Psychology Of Decision Making – 5 Cognitive Biases To Avoid


In the 21st century we all want to claim to be open and objective, but as human beings, we often operate on cognitive biases. Cognitive bias is happening when we think in a certain way, that is not based on judgment or rational evidence. There are many types of cognitive biases but not all of them affect our biases in the same way. Still, scientists agree that cognitive biases highly determine the way we manage our money, relationships, management and entrepreneurship.

We are moved by our own biases every day even without knowing it and make decisions based on them. As not all decisions are equally important, we don’t focus on our biases. However, when it comes to financial investments we should definitely take our biases into consideration.
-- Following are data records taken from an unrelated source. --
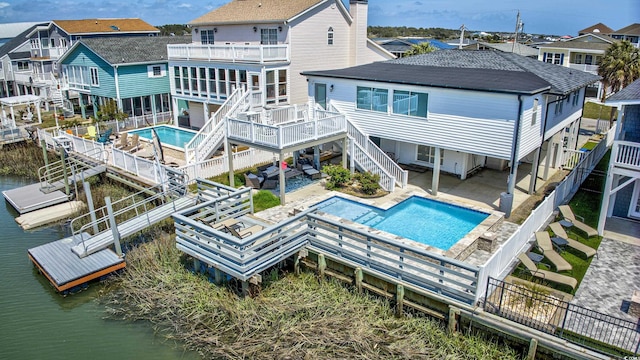 back of property with stairs, a patio, a fenced backyard, and a shingled roof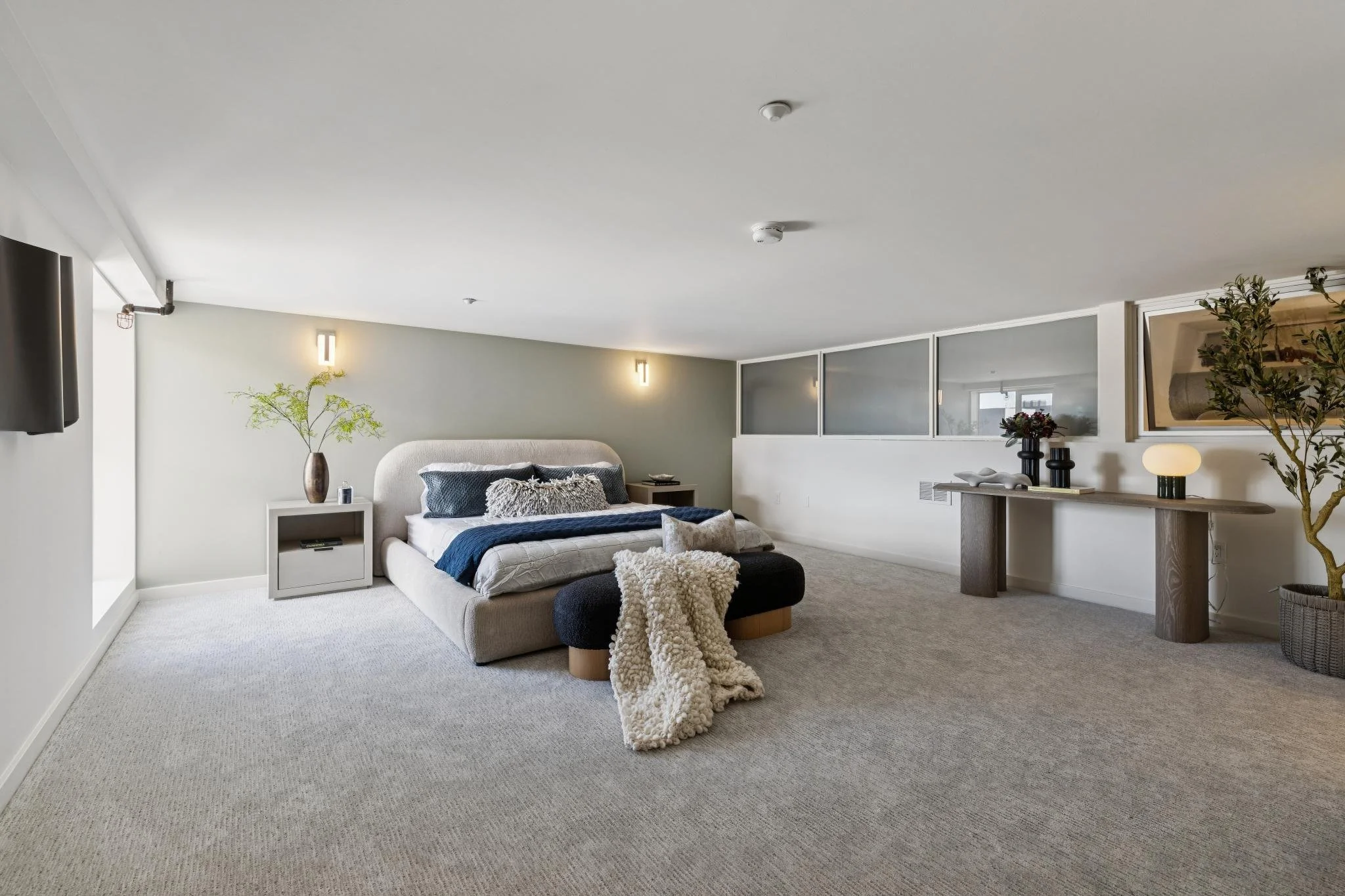 Modern bedroom with beige upholstered bed, blue bedding, cream throw blanket, side table with plant and small decor, wall-mounted TV, and decorative plants, in a room with beige carpet and soft lighting.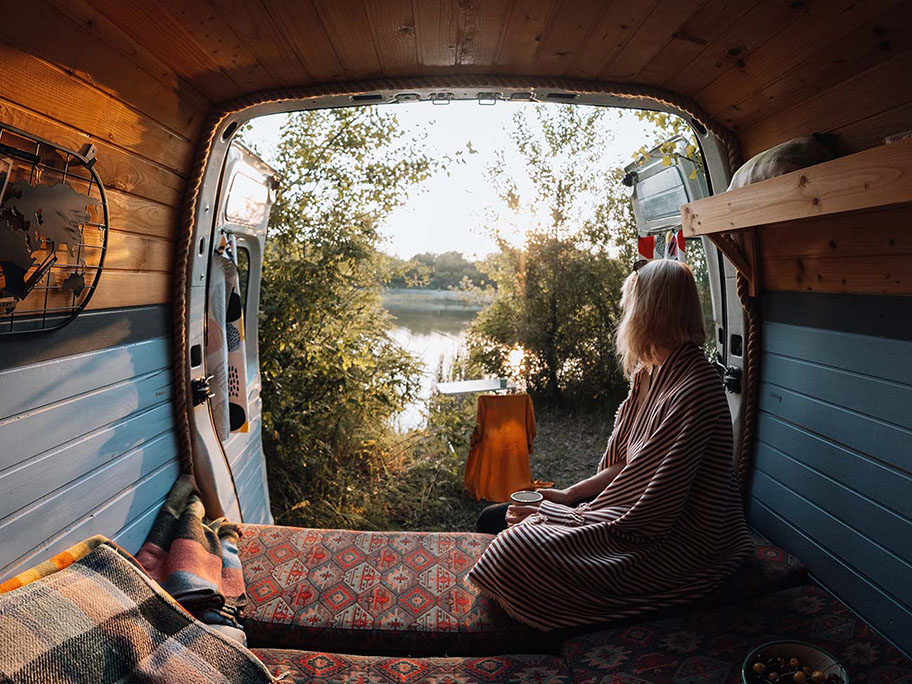 woman looking out the back of her van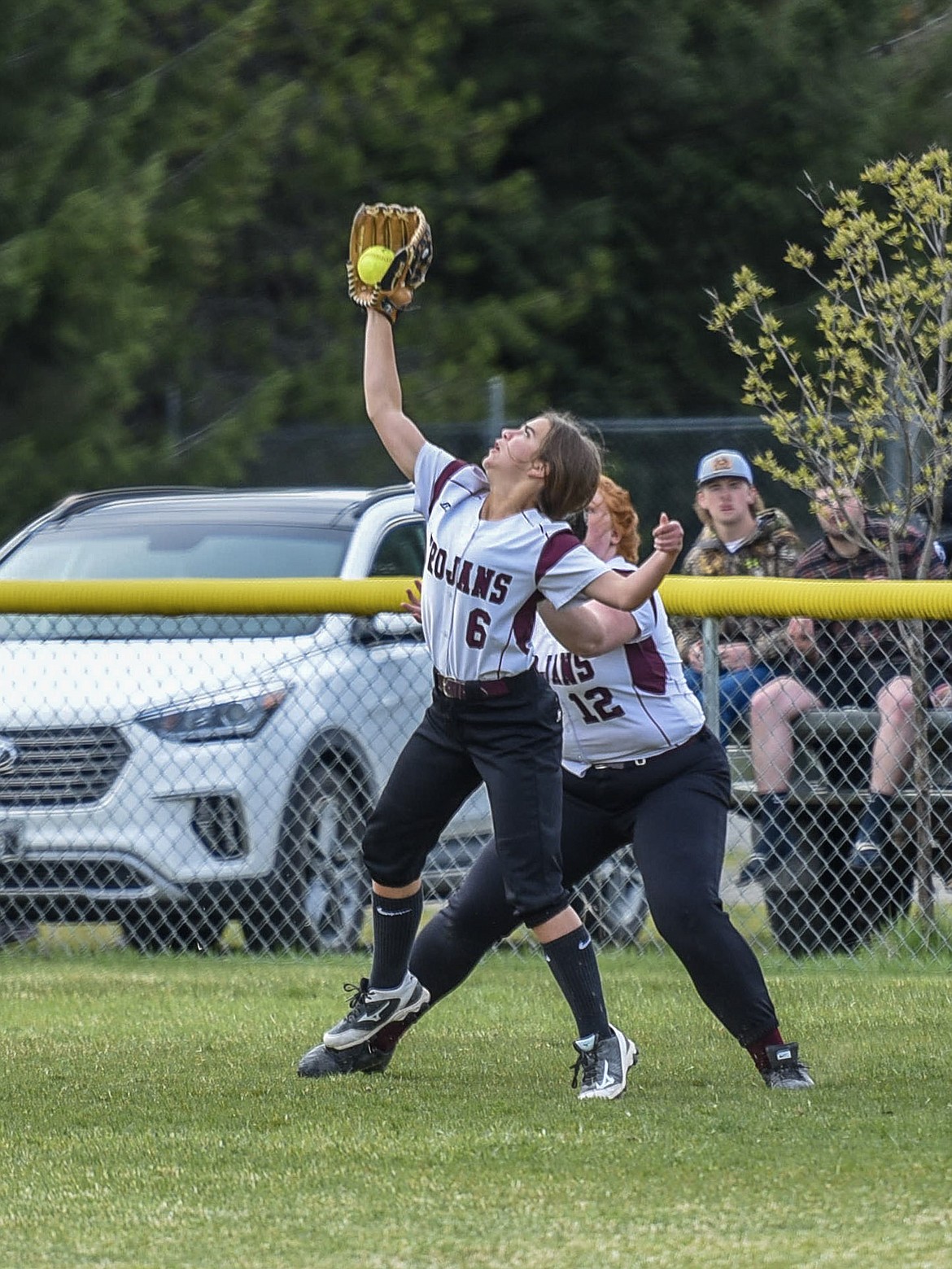 Troy freshman center fielder Adeline Roesler-Begalke catches the first out, top of the first inning, during the Troy-Libby junior varsity game at Troy, April 30. (Ben Kibbey/The Western News)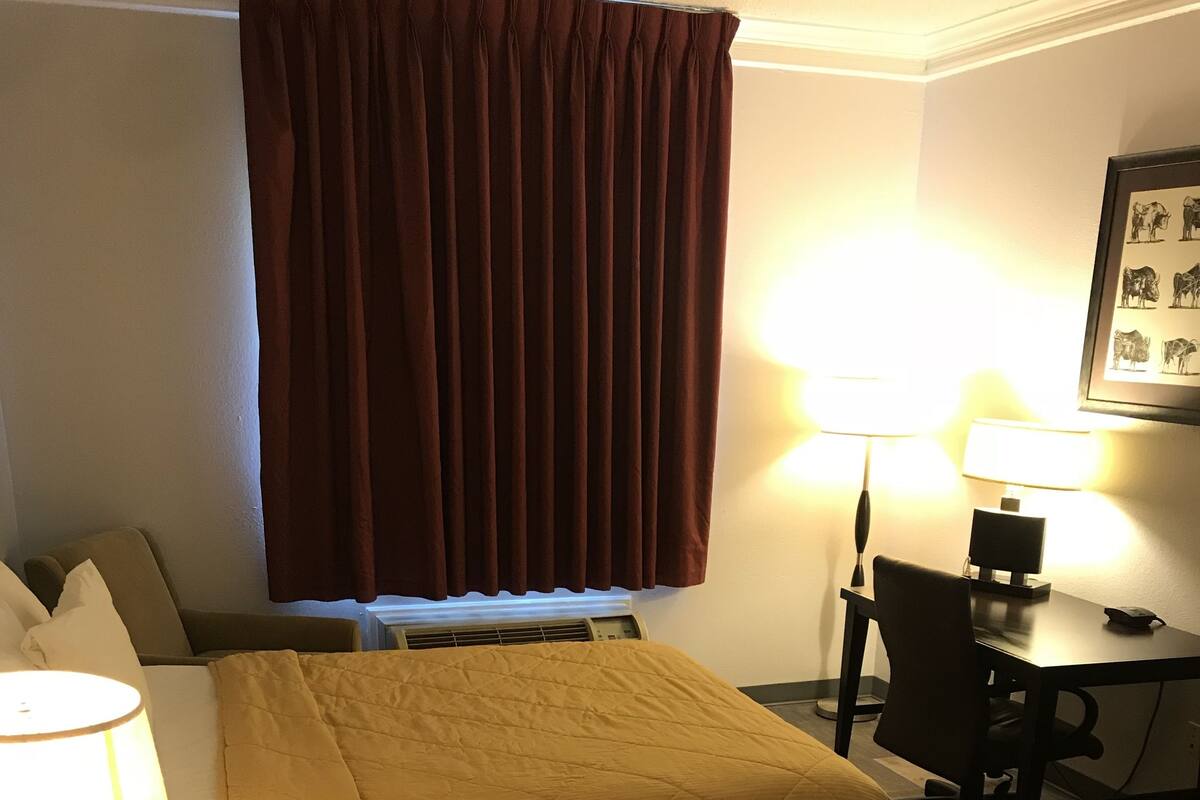 Habitación de hotel con dos camas, un escritorio, una silla, una lámpara y un cuadro en la pared.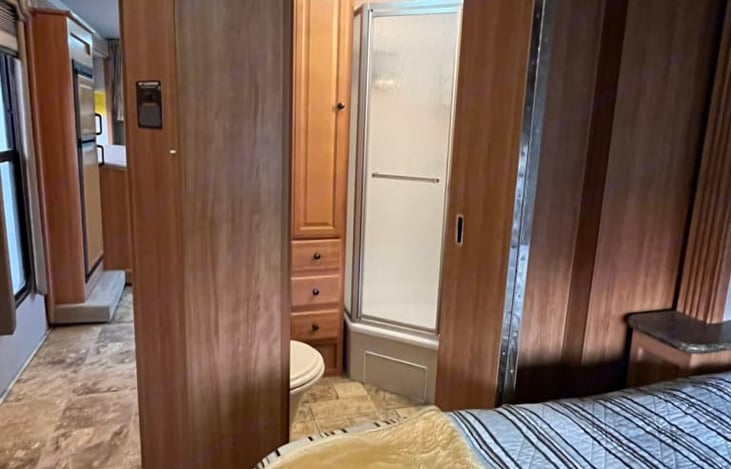 A LOOK FROM THE BEDROOM INTO THE BATHROOM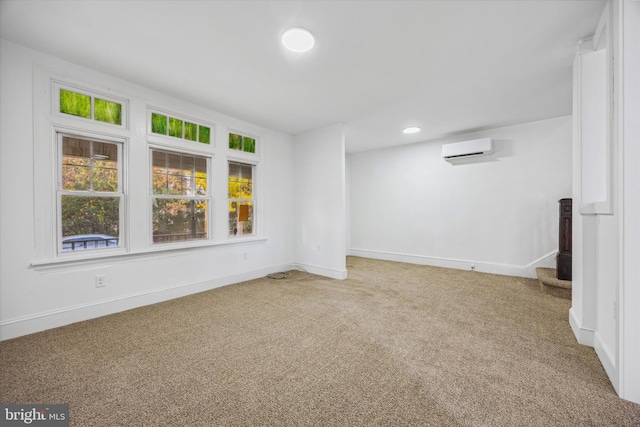 carpeted spare room with a wall unit AC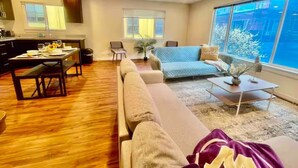 A modern living room with a sofa, a dining table, and a large window offering a view of the city. - The Seattle Haven - Modern Suites (Seattle)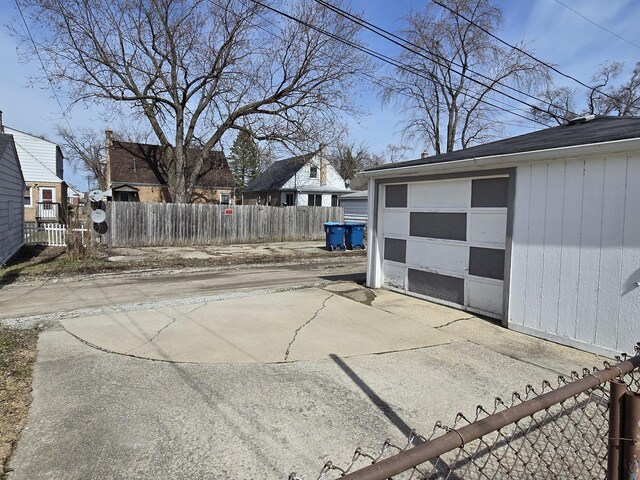 40 166th Pl, Calumet City, IL 60409 - exterior space featuring an outdoor structure, a fenced front yard, a garage, and driveway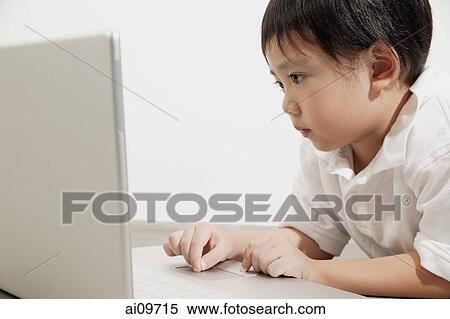 Young boy using laptop View Large Photo Image Stock Photography - Young boy using laptop. Fotosearch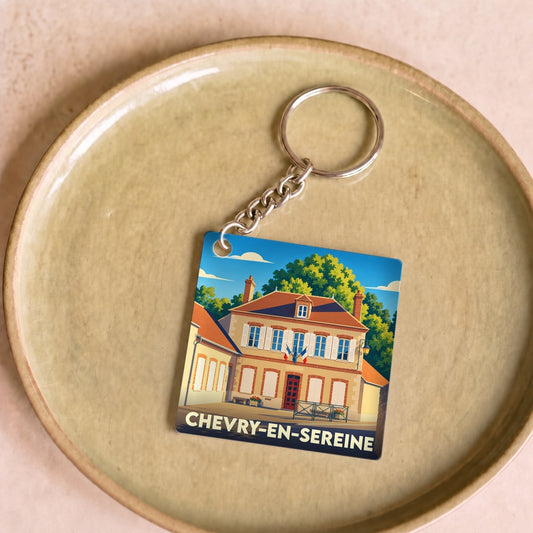 Porte-clés souvenir de la ville de Chevry-en-Sereine illustrant une bâtisse traditionnelle sous un ciel bleu.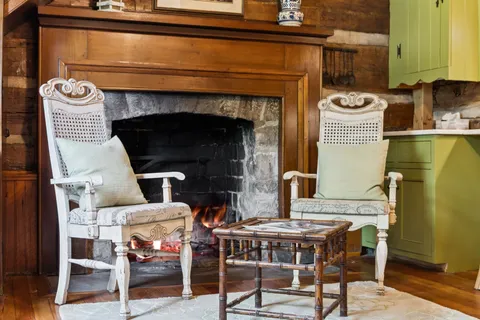 a room with wooden floor and windows
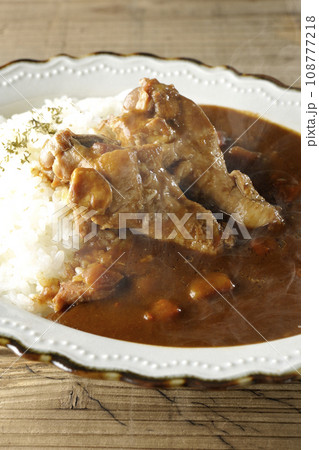 骨付きチキンの入った熱々カレーライス 108777218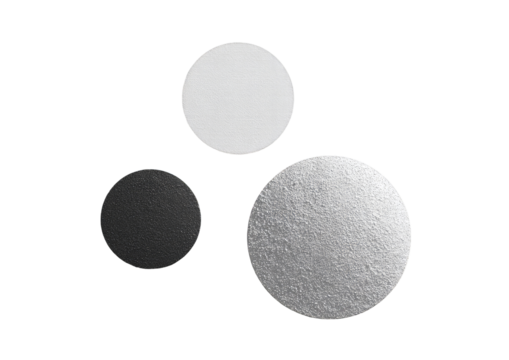Three circles of varying shades of gray and white, in a studio shot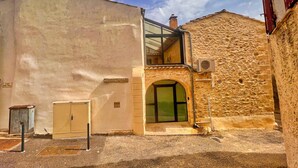 A building with a stone facade, a glass entrance, and a small air conditioning unit mounted on the wall.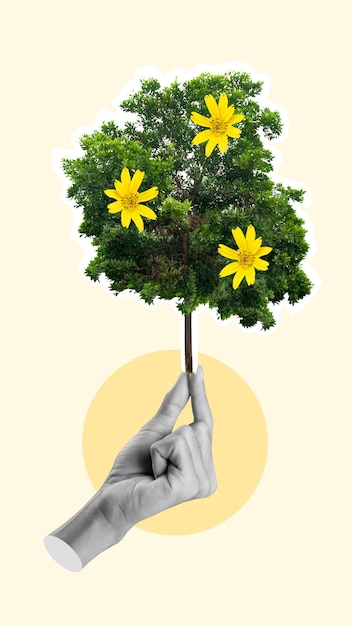 Una mano umana che tiene un albero verde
Here are 5 cognitive biases that can affect your financial decisions in a bad way.

  1. Endowment Effect

Endowment effect can be described as “sticking with what you have”. For example, let’s say that you own stocks of a popular company. At the moment, the price goes down and shows no signs of recovering in the nearer future, it would be wise to sell stocks. However, we appreciate what we have at the moment and hope for better future, rather than accepting a certain amount and having to live with the fact that the price skyrocketed the next day (in case it happens). Very often, people are completely unaware of this effect which can manifest in different ways. It is also possible to ‘try to get rid of’ a certain thing, but demand an unrealistic price because they don’t want to get rid of it.

  1. Confirmation Bias

Nobody likes to be wrong, right? That is why confirmation bias happens – human beings are always looking for evidence that supports their theories, strategies, and decisions. There is nothing wrong with being subjective, but confirmation bias makes us forget to take all important information into consideration which can lead to bad decisions in all aspects of life, not only finances or partnerships.

  1. Gamblers Fallacy

This bias is frequent among the gamblers (as the name indicates) as they believe their chances will change if they just play another game. Even if the odds are always 50/50 we humans believe that the positive outcome will happen sooner or later. This usually leads to forced trading and forced investments. After the profit is made, the person thinks they have been right all the time, but the losses are bigger than the profit, this can easily amass loss in CFDs trading – so select CFD brokers without negative balance.

  1. Overconfidence Bias

Self-confidence is great, but sometimes people think that their opinion is the only thing that matters as they value it above anything else. It is very hard to be objective about our own abilities and we often can’t see the limits of our own knowledge and capabilities. This bias can be easily avoided if we act upon information, and not our interpretation or impression, and approach the issue systematically.

  1. Anchoring

Anchoring is probably the type of bias that is most commonly present. Often referred to as “first impression bias” is widely known as – jumping to conclusions. People usually make their decision based on the information they perceive early during the process and tend to neglect other solutions and information. Anchoring is often present when we have to make a decision quickly and the best solution is to take a deep breath and first think whether you should think this one through. Also, make sure to work on having more than enough time to make the important decisions.

Can We Control our Biases?

Some researches like Gigernezer and Haselton claim that we can learn to control our biases. The main way to control them is to avoid automatic processing of information and use controlled processing. Also, some researches showed that after participants acknowledged that they will truly be responsible for the results of their future decision (especially when related to money), that there are higher chances that bias will be avoided.